47. Fallen

5.5K 501 11
                                    

Selamat membaca. Jgn lupa vote dan komen.

***

"Jika saya berhak bahagia, bukankah itu seharusnya terjadi saat saya masih hidup dulu?" Urania menatap Dewi yang entah namanya siapa ini. Ia bukan orang yang religius memang. Terlebih di dalam dunia novel ini, semuanya terjadi di luar akal sehatnya ketika menjadi Irania.

"Kau masih hidup."

"Anda tahu maksud saya."

"Baiklah. Tapi apa kau sungguh berpikir bahwa kau sudah menyelesaikan cerita dengan baik?"

"Maksudnya? Sa-sayakan sudah berjuang dan melindungi orang-orang. Saya juga menyelamatkannya. Apa itu bukan akhir yang baik?"

"Kau sungguh berpikir bahwa cerita sudah berakhir ketika kau mati?" Mau tak mau Urania menggeleng kecil. "Kau pergi karena keegoisanmu. Kau dulu, dan kau yang sekarang. Kalian sama. Dunia tidak berputar ketika kau lahir, dan tidak pula berhenti berputar ketika kau mati. Artinya, kelahiran dan kematianmu tidak memberikan efek pada dunia ini, karena selama hidup kau memang tidak berbuat apapun untuk dunia ini. Jadi, akhir bahagia itu belum terwujud."

Setelah mengatakan itu, Urania ditinggal seorang diri di tengah hamparan dandelion yang luas itu.

"Lalu aku harus bagaimana?"

***

Zione membuka pintu kamar Urania. Sudah hampir 5 minggu sejak Urania tak sadarkan diri. Urusan kudeta dan penyerangan mendadak kerajaan Terano juga sedang dalam proses peradilan. Sayang sekali Viscount Ardell mati saat peperangan. Tak satupun prajurit mengetahui sosok Viscount Ardell di tengah-tengah para musuh lain, dan mereka juga tak ingat telah membunuh Viscount. Entah kenapa Zione menyimpulkan bahwa Uranialah yang membunuh pengkhianat itu.

Duduk di atas kursi di sisi ranjang Urania, Zione tersenyum kecil.
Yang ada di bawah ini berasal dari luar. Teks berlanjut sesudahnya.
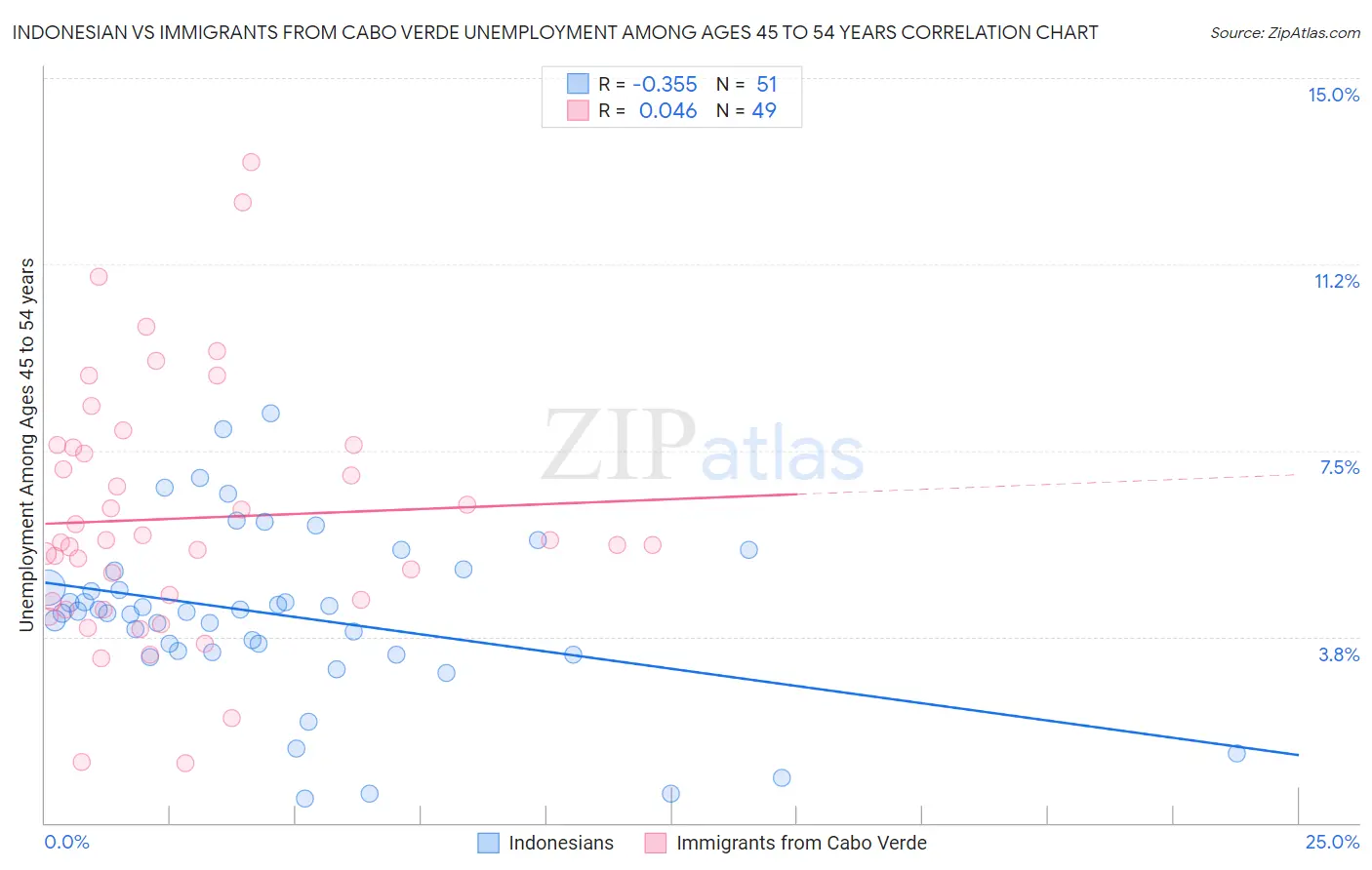 Indonesian vs Immigrants from Cabo Verde Unemployment Among Ages 45 to 54 years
Di atas nakas ada sebuah wadah berisi air hangat, handuk kecil dan kain yang lumayan lebar serta mudah menyerap air. Zione menggulung lengan kemejanya dan menaikkan lengan baju tidur Urania ke atas.
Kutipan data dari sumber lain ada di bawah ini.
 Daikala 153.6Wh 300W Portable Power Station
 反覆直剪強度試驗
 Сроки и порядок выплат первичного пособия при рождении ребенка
Setiap hari, dua kali sehari, inilah yang Zione lakukan ketika melihat Urania. Membantu membersihkan tubuh Urania dengan lembut dan telaten. Namun, ia tak sampai hati membuka pakaian Urania. Ia hanya membersihkan tangan, kaki, wajah, dan leher gadis itu saja. Sisanya akan dilakukan oleh Cassy, Soria ataupun Lina.
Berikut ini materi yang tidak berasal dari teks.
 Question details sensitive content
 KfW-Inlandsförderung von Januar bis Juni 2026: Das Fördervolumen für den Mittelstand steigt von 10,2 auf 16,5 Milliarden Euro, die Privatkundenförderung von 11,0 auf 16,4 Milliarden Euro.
"Aku tidak perlu bertanya kan? Pasti kau yang membunuh Viscount Ardell saat itu." kata Zione. Seorang diri. Karena setiap Zione bertanya, Urania memang tak akan menyahut. Dokter bilang, Zione perlu mengajak Urania bicara walau tak ada respon. Rangsangan apapun, baik suara maupun sentuhan, akan sangat membantu.

"Seharusnya kau pergi saja. Ah... seharusnya aku langsung tahu kalau gadis tidak sopan itu adalah dirimu, apa jika aku menolak keras menikah denganmu, kau tidak akan mengalami ini?" Zione tahu jawaban dari pertanyaannya itu tidak lah pasti. Marquess Shalvione adalah orang yang telah memberikan luka batin dan fisik pada Urania meski tidak secara langsung. Zione melihat betis Urania yang penuh bekas luka, ia meminta Paul untuk memastikan apa yang terjadi semasa Urania remaja. Dan jawaban dari Butler Harle sangat mengejutkan.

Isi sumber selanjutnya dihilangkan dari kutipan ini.